Task objective ->
Since the records include pictures, leave those out while you reproduce exactly and only the lines from the one containing "Può includere: Una" through the one containing "Männer spielen Rollstuhlbasketball", inclusive.

Given records ->
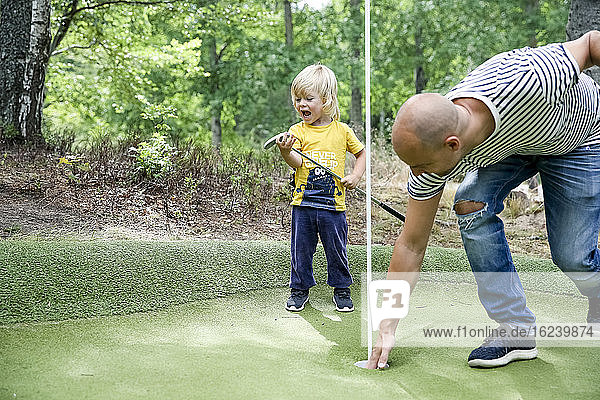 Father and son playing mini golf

--

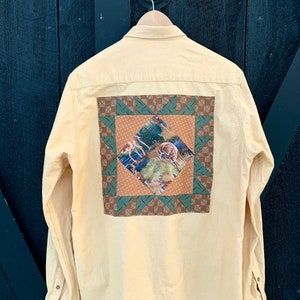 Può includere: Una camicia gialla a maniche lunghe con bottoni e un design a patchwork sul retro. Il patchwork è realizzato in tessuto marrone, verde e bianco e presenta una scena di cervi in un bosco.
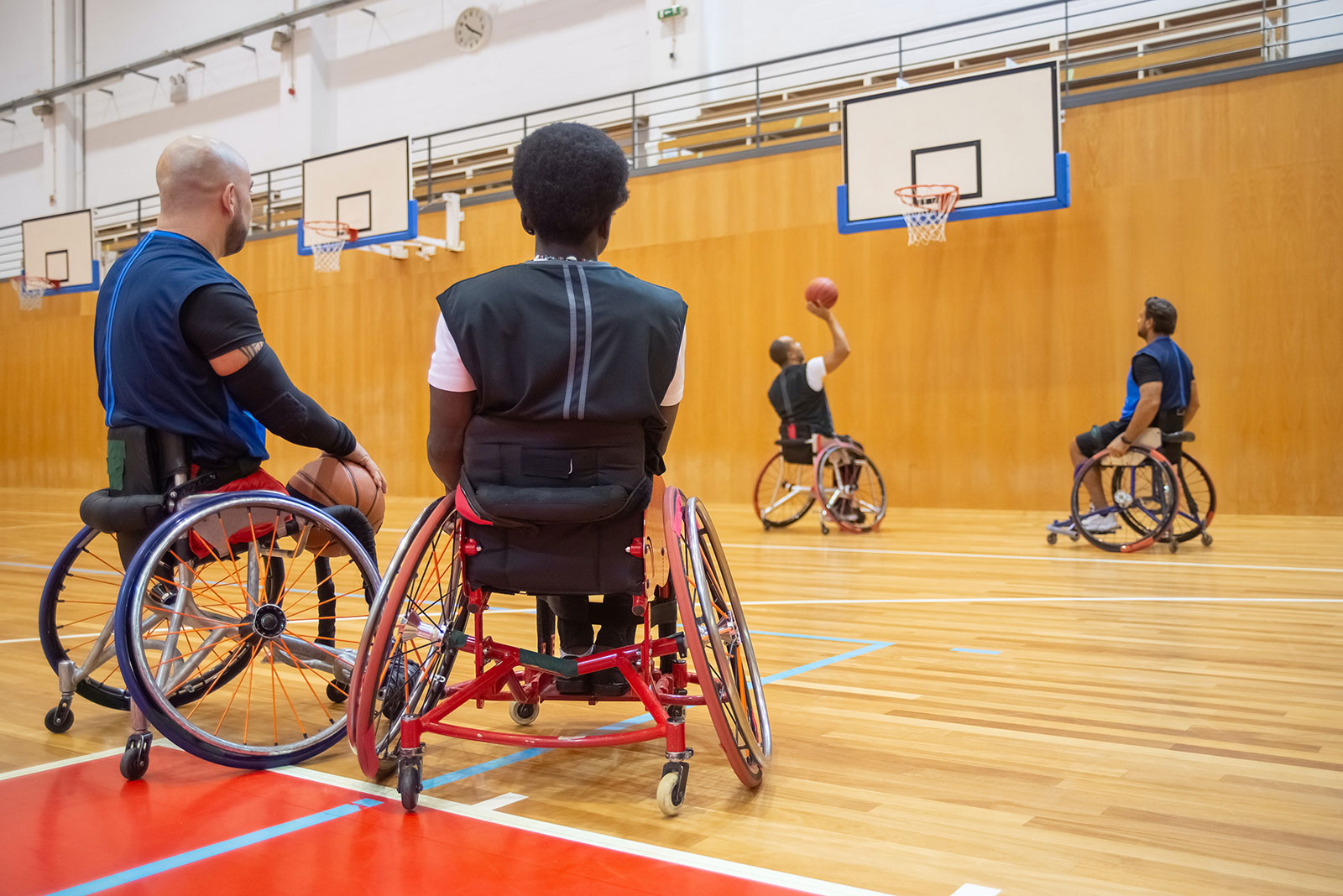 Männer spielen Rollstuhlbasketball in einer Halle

Exercise solution ->
 Può includere: Una camicia gialla a maniche lunghe con bottoni e un design a patchwork sul retro. Il patchwork è realizzato in tessuto marrone, verde e bianco e presenta una scena di cervi in un bosco.
 Männer spielen Rollstuhlbasketball in einer Halle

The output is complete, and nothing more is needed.